Llama.cpp Benchmark: CPU vs iGPU

I tested the inference speed of Llama.cpp on my mini desktop computer equipped with an AMD Ryzen 5 5600H APU. This processor features 6 cores (12 threads) and a Radeon RX Vega 7 integrated GPU. While neither the CPU nor GPU is particularly high-performance, I wanted to compare their capabilities in running Llama.cpp.

CPU Benchmark: Ryzen 5 5600H (6 Cores)

To begin, I tested Llama.cpp using the CPU only. Below are the steps I followed to build and run the benchmark:

# Download the model
wget https://huggingface.co/TheBloke/Llama-2-7B-GGUF/resolve/main/llama-2-7b.Q4_0.gguf

# Clone the repository
git clone https://github.com/ggerganov/llama.cpp
cd llama.cpp
mkdir build
cd build

# Build with Release configuration
cmake .. -DCMAKE_BUILD_TYPE=Release
make

# Run benchmark
llama-bench -m ../../llama-2–7b.Q4_0.gguf

The benchmark utilized all six CPU cores (without hyperthreading). Here are the results:

llama.cpp benchmark with AMD 5 Ryzen 5600H using CPU only

iGPU Benchmark: Radeon RX Vega 7

Next, I tested Llama.cpp with GPU support enabled using Vulkan. The build process included the following modifications:

# Build with Vulkan support
cmake .. -DGGML_VULKAN=on -DCMAKE_BUILD_TYPE=Release
make

# Run benchmark with layers loaded into GPU
llama-bench -m ../../llama-2–7b.Q4_0.gguf -ngl 100

Key differences from the CPU test:

Vulkan support was enabled using the -DGGML_VULKAN=on flag.
All model layers were loaded into the GPU using -ngl 100.
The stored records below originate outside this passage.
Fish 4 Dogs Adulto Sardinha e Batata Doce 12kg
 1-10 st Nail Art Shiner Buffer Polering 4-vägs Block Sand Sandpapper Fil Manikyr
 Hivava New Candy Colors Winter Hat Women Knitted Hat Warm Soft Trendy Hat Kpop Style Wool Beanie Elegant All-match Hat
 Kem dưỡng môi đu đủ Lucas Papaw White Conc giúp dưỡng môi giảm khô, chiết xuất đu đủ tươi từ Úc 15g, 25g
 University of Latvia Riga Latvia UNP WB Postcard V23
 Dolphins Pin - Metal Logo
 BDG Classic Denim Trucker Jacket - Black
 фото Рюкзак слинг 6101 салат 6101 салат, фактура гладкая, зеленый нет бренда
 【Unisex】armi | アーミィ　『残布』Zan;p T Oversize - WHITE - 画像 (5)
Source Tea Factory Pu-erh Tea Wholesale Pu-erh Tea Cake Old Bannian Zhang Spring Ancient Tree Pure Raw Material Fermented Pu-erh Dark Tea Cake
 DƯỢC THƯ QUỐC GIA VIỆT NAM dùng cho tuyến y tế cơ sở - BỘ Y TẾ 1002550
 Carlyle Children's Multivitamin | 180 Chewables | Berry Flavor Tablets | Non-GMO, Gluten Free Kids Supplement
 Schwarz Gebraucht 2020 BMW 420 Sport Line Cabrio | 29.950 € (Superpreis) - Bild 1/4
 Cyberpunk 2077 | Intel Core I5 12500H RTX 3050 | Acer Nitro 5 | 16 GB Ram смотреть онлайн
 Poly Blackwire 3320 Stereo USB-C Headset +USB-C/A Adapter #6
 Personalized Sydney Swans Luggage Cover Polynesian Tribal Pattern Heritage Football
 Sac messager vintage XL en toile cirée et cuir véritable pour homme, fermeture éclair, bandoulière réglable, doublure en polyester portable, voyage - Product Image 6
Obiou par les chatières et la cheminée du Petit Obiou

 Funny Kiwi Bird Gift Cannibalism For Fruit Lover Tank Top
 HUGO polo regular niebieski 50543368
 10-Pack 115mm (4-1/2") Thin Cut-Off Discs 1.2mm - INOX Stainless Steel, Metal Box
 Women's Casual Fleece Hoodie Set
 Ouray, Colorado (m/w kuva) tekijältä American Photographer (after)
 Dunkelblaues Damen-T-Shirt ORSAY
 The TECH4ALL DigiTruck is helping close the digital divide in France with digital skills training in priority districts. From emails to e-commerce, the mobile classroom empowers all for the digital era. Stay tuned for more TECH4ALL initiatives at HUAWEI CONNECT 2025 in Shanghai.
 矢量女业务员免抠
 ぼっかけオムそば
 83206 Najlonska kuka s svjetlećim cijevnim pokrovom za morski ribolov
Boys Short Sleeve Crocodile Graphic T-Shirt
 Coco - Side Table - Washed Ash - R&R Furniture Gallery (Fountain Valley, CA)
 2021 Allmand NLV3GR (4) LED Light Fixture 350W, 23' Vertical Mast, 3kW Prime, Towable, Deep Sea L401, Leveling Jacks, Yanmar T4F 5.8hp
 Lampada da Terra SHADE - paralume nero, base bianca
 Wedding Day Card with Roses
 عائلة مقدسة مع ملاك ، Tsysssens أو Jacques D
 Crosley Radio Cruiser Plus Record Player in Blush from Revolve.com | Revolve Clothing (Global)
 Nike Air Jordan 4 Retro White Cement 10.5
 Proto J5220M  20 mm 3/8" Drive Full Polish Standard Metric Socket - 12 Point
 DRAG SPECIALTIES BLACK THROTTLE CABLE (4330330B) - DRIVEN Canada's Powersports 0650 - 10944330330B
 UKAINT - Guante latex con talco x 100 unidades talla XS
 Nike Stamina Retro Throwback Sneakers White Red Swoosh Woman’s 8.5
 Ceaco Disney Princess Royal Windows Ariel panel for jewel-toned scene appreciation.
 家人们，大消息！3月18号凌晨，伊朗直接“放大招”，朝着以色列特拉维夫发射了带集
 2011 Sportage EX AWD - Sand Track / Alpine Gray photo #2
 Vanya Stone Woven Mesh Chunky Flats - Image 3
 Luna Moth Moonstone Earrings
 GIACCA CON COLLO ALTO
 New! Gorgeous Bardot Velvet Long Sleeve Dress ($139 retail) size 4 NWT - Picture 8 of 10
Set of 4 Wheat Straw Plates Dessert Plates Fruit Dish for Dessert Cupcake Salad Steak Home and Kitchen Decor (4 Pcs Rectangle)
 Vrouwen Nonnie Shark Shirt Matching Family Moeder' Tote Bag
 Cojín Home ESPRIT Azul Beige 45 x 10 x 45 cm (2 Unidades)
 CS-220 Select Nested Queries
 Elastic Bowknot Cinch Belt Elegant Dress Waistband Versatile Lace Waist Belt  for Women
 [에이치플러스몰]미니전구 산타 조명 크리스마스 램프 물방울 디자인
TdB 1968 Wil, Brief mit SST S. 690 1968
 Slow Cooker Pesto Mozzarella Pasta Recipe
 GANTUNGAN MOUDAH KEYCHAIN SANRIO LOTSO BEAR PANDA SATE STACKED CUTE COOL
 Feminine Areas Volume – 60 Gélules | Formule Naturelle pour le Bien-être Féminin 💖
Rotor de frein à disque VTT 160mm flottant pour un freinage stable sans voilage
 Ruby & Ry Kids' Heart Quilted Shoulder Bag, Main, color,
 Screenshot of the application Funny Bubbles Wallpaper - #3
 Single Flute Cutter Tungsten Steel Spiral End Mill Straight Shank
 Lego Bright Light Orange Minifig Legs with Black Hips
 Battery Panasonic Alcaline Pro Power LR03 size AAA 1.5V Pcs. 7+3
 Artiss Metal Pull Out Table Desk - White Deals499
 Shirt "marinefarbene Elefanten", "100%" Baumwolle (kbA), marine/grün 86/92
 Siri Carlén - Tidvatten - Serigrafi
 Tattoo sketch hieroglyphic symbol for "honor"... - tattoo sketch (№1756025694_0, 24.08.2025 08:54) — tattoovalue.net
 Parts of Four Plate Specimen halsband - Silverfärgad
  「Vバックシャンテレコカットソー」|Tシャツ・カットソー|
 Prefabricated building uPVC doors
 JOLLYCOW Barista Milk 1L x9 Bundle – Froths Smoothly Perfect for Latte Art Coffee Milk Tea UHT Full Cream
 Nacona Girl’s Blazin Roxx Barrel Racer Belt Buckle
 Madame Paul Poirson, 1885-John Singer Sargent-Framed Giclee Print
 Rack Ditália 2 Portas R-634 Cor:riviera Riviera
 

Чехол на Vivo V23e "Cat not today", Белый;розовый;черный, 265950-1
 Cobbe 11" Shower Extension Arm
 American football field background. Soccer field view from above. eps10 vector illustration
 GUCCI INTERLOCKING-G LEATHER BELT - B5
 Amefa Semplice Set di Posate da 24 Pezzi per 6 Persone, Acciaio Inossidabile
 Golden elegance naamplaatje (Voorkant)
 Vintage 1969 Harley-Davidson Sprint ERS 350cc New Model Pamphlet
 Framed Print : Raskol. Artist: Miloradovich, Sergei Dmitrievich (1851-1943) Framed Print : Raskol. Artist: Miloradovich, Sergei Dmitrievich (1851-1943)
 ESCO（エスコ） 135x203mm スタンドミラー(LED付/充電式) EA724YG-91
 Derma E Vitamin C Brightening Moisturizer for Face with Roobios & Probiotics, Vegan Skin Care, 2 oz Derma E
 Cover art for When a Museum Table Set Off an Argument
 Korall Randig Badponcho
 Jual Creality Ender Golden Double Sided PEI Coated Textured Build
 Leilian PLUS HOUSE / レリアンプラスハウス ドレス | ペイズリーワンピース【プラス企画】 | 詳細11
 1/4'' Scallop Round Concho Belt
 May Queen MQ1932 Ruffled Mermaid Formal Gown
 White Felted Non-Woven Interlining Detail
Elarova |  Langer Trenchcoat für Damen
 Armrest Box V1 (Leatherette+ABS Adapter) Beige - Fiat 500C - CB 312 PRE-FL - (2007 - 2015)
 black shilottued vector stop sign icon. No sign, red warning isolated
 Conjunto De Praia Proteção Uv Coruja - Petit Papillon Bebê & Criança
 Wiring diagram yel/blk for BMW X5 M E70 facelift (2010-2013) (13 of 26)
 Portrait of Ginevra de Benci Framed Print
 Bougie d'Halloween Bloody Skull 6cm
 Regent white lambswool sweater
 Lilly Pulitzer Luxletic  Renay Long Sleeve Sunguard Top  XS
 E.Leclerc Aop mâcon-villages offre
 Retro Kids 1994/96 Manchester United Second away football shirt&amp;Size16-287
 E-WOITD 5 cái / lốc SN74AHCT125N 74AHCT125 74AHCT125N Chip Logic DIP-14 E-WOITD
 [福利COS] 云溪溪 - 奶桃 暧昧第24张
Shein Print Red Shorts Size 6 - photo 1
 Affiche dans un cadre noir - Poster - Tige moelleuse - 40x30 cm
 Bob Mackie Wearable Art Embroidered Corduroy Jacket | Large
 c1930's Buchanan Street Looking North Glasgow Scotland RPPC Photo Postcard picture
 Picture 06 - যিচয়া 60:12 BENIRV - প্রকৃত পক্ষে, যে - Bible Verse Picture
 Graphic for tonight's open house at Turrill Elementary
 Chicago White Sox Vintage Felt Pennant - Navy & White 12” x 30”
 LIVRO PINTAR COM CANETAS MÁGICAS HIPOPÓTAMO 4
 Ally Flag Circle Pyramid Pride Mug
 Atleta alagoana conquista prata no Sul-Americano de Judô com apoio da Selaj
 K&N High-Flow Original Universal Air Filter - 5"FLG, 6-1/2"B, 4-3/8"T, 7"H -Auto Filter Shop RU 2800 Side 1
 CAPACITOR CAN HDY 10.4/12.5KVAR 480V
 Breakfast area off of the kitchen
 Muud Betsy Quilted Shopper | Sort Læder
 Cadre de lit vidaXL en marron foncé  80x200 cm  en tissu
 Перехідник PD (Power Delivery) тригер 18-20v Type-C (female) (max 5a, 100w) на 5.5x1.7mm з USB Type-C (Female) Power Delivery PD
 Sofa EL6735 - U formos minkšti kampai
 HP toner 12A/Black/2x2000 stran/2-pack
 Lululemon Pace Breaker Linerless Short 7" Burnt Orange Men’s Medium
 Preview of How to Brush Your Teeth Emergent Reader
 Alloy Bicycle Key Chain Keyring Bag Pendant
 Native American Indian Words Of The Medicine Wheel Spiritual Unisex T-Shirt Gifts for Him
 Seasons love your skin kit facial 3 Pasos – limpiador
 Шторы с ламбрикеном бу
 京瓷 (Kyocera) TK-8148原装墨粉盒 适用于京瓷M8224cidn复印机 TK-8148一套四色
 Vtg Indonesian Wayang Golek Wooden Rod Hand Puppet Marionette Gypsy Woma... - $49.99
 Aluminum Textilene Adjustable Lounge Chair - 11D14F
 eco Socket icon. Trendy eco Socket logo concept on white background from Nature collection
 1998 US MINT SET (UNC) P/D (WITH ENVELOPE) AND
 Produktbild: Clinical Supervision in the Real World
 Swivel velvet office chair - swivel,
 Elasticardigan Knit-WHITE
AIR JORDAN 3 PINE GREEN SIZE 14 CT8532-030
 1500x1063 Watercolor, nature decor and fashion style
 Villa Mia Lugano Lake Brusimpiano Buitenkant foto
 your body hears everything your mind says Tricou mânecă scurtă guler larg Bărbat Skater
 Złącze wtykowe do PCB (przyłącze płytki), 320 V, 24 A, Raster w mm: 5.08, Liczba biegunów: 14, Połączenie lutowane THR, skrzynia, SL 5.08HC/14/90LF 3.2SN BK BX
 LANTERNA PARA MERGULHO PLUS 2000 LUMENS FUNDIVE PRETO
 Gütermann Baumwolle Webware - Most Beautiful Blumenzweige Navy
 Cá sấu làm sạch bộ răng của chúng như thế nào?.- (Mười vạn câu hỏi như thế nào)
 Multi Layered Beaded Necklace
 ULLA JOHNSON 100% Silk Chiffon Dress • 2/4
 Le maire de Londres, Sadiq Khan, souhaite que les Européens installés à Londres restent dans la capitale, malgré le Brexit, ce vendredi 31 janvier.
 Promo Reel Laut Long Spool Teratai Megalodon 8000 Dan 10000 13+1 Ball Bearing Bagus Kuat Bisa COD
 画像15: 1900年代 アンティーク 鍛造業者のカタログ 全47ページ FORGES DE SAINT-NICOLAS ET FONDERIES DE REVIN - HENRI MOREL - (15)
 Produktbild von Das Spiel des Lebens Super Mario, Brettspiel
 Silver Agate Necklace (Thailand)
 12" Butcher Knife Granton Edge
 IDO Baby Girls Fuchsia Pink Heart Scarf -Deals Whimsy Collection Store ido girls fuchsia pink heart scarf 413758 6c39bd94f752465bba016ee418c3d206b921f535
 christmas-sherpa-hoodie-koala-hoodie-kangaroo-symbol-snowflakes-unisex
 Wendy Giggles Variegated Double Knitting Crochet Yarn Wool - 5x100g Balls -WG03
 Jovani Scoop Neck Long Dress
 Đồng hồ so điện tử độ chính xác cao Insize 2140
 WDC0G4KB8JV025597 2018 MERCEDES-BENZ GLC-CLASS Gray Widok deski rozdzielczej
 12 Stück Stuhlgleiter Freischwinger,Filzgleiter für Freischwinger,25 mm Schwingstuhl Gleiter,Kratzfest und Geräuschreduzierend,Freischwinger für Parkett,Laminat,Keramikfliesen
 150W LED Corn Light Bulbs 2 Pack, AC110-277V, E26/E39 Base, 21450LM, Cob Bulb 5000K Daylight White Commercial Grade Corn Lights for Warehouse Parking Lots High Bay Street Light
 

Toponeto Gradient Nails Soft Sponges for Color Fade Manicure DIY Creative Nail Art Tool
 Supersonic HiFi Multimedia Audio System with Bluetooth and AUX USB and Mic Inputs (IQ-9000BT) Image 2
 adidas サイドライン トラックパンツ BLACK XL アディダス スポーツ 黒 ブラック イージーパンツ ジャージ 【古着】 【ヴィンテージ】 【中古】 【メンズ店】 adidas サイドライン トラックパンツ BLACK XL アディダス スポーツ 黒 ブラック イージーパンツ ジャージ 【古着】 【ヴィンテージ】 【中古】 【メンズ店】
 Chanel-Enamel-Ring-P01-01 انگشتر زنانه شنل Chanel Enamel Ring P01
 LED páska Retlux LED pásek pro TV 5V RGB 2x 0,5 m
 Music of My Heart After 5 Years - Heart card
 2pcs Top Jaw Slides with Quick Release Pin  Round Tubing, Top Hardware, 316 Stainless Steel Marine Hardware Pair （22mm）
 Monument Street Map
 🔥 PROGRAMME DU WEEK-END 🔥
The results were as follows:

llama.cpp benchmark with AMD 5 Ryzen 5600H using iGPU

Observations and Analysis

Performance Gains:

The prompt processing test (pp512) showed a 2x speedup on the iGPU compared to the CPU (from ~34 t/s to ~76 t/s).
However, token generation (tg128) performance remained nearly identical (~10 t/s).

Power Efficiency:

The iGPU consumed noticeably less power, as evidenced by reduced fan noise during operation.
This suggests that the iGPU build is more energy-efficient than the CPU-only build.

System Utilization:

With iGPU handling inference tasks, the CPU remained largely idle, allowing other CPU-intensive processes to run concurrently.

Conclusion

While the iGPU provided significant improvement in prompt processing speed, its impact on token generation was minimal — contrary to expectations of a proportional gain across both metrics.